President of the Foreign Affairs Committee of the National Assembly
- Incumbent
- Assumed office 9 October 2024
- Preceded by: Jean-Noël Barrot

Member of the National Assembly for Haut-Rhin's 6th constituency
- Incumbent
- Assumed office 21 June 2017
- Preceded by: Francis Hillmeyer

Personal details
- Born: 7 April 1959 (age 67) Colmar, France
- Party: La République En Marche!
- Spouse: Véronique Robert
- Alma mater: ISG Business School

= Bruno Fuchs (politician) =

French politician (born 1959)

Bruno Fuchs (/fr/; born 7 April 1959) is a French politician of La République En Marche! (LREM) who has been serving as a member of the French National Assembly since the 2017 elections, representing the department of Haut-Rhin.

==Political career==
In parliament, Fuchs serves as a member of the Committee on Foreign Affairs and the Committee on European Affairs. He is also a member of the French parliamentary friendship groups with Cuba and Turkey.

In addition to his committee assignments, Fuchs has been a member of the French delegation to the Parliamentary Assembly of the Council of Europe since 2017. In this capacity, he serves on the Committee on Equality and Non-Discrimination.

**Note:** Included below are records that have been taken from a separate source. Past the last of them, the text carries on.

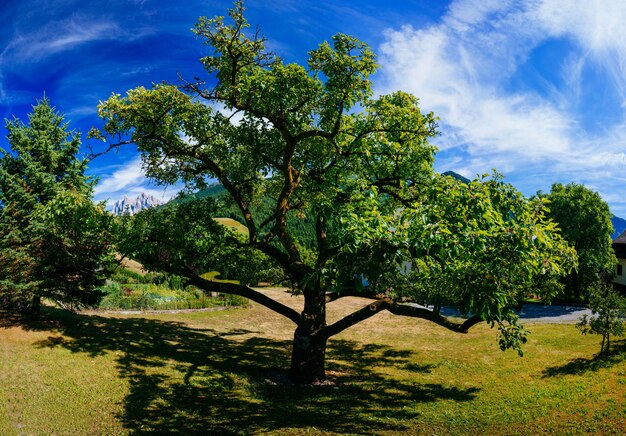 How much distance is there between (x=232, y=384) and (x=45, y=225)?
10.7 metres

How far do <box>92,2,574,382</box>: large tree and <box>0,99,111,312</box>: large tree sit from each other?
10.6 ft

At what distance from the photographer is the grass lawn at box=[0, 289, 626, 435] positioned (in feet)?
36.1

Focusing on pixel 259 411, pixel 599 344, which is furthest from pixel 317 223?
pixel 599 344

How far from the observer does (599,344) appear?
737 inches

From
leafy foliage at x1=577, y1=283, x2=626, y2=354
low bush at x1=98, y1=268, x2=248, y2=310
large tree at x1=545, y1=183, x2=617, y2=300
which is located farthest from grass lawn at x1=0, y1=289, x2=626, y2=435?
large tree at x1=545, y1=183, x2=617, y2=300

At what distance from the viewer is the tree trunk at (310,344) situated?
1577 centimetres

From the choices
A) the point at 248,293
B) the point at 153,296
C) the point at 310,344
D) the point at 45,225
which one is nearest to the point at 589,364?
the point at 310,344

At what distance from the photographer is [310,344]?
625 inches

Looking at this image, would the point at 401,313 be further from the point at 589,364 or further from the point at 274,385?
the point at 589,364

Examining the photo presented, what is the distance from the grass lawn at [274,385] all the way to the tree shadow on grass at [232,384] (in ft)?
0.20

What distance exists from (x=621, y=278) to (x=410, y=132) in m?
48.6

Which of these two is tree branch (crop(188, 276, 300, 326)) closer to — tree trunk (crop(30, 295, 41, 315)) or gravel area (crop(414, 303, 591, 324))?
tree trunk (crop(30, 295, 41, 315))

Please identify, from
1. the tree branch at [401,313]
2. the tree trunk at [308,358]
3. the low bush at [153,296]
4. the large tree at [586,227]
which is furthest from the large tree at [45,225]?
the large tree at [586,227]

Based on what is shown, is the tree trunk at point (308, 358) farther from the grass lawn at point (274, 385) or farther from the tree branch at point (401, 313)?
the tree branch at point (401, 313)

He was elected to a second term in the 2022 legislative election, winning 55% of the vote in the runoff against National Rally candidate Christelle Ritz.

In the 2024 snap election, he defeated Ritz again in a rematch after left-wing candidate Florence Claudepierre, who had also qualified for the runoff, withdrew to prevent the National Rally from winning the seat.

In October 2024, he was elected to lead Foreign Affairs Committee of the National Assembly after its president Jean-Noël Barrot was appointed as Minister for Europe and Foreign Affairs.

==Political positions==
In July 2019, Fuchs voted in favour of the French ratification of the European Union’s Comprehensive Economic and Trade Agreement (CETA) with Canada.